Dari Epistemologi Klasik ke Epistemologi Digital
Epistemologi, secara etimologis berasal dari kata Yunani
epistēmē (pengetahuan) dan logos (kajian atau teori). Ia membahas pertanyaan
mendasar: apa yang disebut pengetahuan, bagaimana manusia mengetahuinya, dan
bagaimana membedakan antara kebenaran dan kesalahan. Dalam sejarah filsafat,
epistemologi telah mengalami berbagai fase perubahan.
Pada masa klasik, Plato memandang pengetahuan sebagai justified true belief — keyakinan yang benar dan memiliki pembenaran rasional.
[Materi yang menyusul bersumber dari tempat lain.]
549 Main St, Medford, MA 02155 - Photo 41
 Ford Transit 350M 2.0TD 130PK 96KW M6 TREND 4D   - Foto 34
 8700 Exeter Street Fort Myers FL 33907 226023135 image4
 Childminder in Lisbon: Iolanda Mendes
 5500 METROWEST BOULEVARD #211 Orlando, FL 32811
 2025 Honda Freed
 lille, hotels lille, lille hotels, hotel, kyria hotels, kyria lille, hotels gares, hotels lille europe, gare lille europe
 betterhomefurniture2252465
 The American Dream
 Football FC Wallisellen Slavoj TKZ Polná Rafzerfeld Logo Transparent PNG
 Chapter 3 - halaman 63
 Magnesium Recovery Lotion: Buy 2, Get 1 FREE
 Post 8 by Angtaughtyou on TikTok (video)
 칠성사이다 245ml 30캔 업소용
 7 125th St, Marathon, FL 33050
Descartes kemudian menekankan rasio sebagai sumber utama pengetahuan, dengan metode keraguannya yang terkenal.
Di sisi lain, kaum empiris seperti Locke dan
Hume menganggap pengalaman inderawi sebagai dasar pengetahuan. Abad ke-20
membawa arus konstruktivisme dan postmodernisme, yang menegaskan bahwa
pengetahuan adalah konstruksi sosial yang tidak netral dan selalu dipengaruhi
oleh bahasa, budaya, dan kekuasaan.
Namun, di abad ke-21, muncul konteks baru yang belum sepenuhnya terpetakan oleh filsafat klasik: era digital. Di sini, sumber pengetahuan bukan lagi individu yang berpikir secara rasional, melainkan jaringan informasi global yang diatur oleh algoritma. Mesin pencari, media sosial, dan sistem rekomendasi membentuk lanskap epistemik baru di mana tindakan klik menjadi titik awal (dan sering kali akhir) dari proses mengetahui.
Maka lahirlah bentuk epistemologi baru yang tidak lagi berpusat pada subjek rasional, melainkan pada subjek digital — manusia yang berpikir, memilih, dan mempercayai sesuatu berdasarkan interaksi dengan mesin dan jaringan.
Makna dan Karakteristik Epistemologi Klik
Epistemologi klik dapat didefinisikan sebagai: cara
mengetahui yang terbentuk oleh mekanisme digital, di mana pengetahuan
diperoleh, disebarkan, dan divalidasi melalui interaksi berbasis klik—simbol
dari kecepatan, popularitas, dan keterjangkauan algoritmik.
Dalam epistemologi klik, tindakan mengetahui direduksi
menjadi tindakan memilih tautan, membuka laman, atau mengonsumsi potongan
informasi. Kebenaran tidak lagi diukur oleh validitas logis atau bukti empiris,
melainkan oleh seberapa sering sesuatu diklik, dibagikan, dan disukai.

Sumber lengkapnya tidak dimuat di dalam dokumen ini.